WHAT THE EXERCISE ASKS
Exactly the lines from the one containing "Descargar Guitar Pro" through the end of the entries, both ends included, are to be output.

EXTRACTED ENTRIES
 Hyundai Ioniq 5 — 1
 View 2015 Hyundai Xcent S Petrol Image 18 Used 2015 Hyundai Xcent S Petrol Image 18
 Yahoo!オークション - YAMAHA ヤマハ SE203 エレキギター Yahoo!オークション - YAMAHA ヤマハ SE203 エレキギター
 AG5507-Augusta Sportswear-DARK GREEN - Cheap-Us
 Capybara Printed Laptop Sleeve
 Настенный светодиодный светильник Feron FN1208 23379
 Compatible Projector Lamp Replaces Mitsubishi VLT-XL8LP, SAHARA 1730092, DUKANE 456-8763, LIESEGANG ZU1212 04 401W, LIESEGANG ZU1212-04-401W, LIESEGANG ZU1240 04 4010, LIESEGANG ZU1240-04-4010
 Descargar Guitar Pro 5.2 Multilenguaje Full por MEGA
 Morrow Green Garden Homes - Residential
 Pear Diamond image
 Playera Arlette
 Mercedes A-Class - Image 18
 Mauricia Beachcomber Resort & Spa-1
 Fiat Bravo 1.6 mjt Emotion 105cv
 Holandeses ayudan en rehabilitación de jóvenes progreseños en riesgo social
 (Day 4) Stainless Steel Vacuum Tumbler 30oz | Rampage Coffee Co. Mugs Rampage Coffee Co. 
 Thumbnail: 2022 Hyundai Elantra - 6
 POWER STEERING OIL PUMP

SOLUTION TO THIS EXERCISE
 Descargar Guitar Pro 5.2 Multilenguaje Full por MEGA
 Morrow Green Garden Homes - Residential
 Pear Diamond image
 Playera Arlette
 Mercedes A-Class - Image 18
 Mauricia Beachcomber Resort & Spa-1
 Fiat Bravo 1.6 mjt Emotion 105cv
 Holandeses ayudan en rehabilitación de jóvenes progreseños en riesgo social
 (Day 4) Stainless Steel Vacuum Tumbler 30oz | Rampage Coffee Co. Mugs Rampage Coffee Co. 
 Thumbnail: 2022 Hyundai Elantra - 6
 POWER STEERING OIL PUMP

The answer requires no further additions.